#### Task requirements:
Without the pictures, repeat all of the data exactly as it appears below.

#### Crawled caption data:
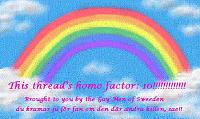 Click image for larger version. 

Name:	gayswede.jpg 
Views:	2451 
Size:	222.3 KB 
ID:	1549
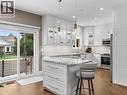 28 Mettawas Lane, Kingsville, ON 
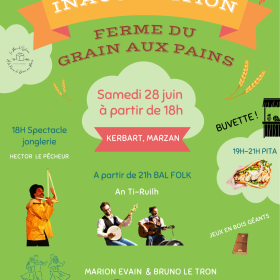 Inauguration_de_La_Ferme_du_Grain_aux_Pains
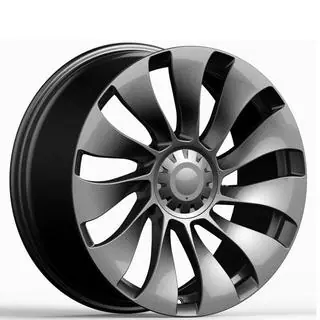 Jante forjate DH-Style V1 R16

#### Reply:
 Click image for larger version. 

Name:	gayswede.jpg 
Views:	2451 
Size:	222.3 KB 
ID:	1549
 28 Mettawas Lane, Kingsville, ON 
 Inauguration_de_La_Ferme_du_Grain_aux_Pains
 Jante forjate DH-Style V1 R16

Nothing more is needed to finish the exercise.